The expected output is the line bearing "New 2026 Subaru" followed by all remaining lines of the records, each restated word for word.

*** PROVIDED MATERIAL ***

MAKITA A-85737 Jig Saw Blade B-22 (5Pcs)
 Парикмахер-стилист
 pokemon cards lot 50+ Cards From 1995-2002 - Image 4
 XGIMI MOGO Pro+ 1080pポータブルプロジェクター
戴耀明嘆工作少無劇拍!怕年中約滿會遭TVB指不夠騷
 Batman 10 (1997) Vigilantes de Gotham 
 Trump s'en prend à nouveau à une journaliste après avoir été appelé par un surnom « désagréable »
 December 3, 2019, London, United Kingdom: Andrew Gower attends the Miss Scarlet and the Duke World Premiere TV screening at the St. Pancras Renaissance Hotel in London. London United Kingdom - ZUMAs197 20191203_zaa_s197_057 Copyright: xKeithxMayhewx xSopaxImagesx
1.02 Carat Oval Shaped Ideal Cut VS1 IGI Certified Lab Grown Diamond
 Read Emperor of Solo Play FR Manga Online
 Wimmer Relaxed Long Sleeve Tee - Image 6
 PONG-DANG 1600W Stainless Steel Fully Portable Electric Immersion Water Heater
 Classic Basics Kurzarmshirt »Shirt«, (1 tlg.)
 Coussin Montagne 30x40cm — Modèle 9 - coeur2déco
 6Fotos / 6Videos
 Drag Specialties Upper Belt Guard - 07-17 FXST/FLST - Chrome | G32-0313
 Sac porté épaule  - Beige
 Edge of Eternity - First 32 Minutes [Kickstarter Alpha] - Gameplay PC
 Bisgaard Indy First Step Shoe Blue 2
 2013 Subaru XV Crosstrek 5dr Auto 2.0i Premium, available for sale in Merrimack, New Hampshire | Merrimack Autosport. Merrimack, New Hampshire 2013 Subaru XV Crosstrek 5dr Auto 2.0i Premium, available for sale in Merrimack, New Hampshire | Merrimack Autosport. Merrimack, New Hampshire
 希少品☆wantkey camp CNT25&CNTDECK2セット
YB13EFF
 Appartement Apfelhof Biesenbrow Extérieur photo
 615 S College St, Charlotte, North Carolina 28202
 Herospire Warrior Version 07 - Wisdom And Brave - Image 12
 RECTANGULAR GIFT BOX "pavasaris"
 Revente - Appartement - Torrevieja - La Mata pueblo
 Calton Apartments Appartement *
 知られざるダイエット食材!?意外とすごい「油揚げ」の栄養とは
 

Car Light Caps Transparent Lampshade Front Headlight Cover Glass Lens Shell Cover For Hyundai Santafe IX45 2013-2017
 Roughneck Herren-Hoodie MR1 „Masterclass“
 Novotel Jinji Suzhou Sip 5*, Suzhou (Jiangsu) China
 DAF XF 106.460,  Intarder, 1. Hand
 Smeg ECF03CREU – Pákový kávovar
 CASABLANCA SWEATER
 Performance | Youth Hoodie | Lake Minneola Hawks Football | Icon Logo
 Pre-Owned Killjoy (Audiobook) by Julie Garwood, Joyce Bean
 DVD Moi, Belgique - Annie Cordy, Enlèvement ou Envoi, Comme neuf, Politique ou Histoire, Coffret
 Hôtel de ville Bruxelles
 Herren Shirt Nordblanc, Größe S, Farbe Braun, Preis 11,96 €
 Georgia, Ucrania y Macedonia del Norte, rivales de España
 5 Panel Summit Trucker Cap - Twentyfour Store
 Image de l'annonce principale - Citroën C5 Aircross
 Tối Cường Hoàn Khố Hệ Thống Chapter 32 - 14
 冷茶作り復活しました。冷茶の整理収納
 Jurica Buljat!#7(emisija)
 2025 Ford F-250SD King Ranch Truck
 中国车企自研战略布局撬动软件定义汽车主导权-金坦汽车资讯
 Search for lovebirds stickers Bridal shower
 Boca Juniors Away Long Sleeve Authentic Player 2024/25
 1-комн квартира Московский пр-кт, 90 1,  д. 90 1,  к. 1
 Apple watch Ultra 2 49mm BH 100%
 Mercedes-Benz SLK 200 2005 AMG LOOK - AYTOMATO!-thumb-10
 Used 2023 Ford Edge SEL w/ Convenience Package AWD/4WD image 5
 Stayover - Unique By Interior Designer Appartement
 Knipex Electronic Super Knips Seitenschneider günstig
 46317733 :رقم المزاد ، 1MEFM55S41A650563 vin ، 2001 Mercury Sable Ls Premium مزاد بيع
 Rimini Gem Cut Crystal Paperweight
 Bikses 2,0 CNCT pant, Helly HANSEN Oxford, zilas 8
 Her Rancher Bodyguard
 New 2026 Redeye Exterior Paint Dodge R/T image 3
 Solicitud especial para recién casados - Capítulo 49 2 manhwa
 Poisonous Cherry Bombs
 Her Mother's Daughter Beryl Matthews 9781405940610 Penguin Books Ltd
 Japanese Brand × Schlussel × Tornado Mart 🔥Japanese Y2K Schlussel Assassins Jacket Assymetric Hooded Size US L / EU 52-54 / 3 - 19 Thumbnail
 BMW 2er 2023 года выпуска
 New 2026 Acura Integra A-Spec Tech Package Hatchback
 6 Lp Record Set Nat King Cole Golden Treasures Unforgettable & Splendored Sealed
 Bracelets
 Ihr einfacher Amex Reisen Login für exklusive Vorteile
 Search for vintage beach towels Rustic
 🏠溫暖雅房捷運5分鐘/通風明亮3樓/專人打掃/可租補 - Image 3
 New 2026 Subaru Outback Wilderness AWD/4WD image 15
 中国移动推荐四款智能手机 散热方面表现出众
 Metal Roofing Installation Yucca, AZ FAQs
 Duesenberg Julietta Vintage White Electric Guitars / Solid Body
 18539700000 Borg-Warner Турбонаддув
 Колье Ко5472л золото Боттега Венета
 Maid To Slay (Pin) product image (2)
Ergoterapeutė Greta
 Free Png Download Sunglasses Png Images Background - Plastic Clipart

*** End of PROVIDED MATERIAL ***

ANSWER TO THIS EXERCISE:
 New 2026 Subaru Outback Wilderness AWD/4WD image 15
 中国移动推荐四款智能手机 散热方面表现出众
 Metal Roofing Installation Yucca, AZ FAQs
 Duesenberg Julietta Vintage White Electric Guitars / Solid Body
 18539700000 Borg-Warner Турбонаддув
 Колье Ко5472л золото Боттега Венета
 Maid To Slay (Pin) product image (2)
Ergoterapeutė Greta
 Free Png Download Sunglasses Png Images Background - Plastic Clipart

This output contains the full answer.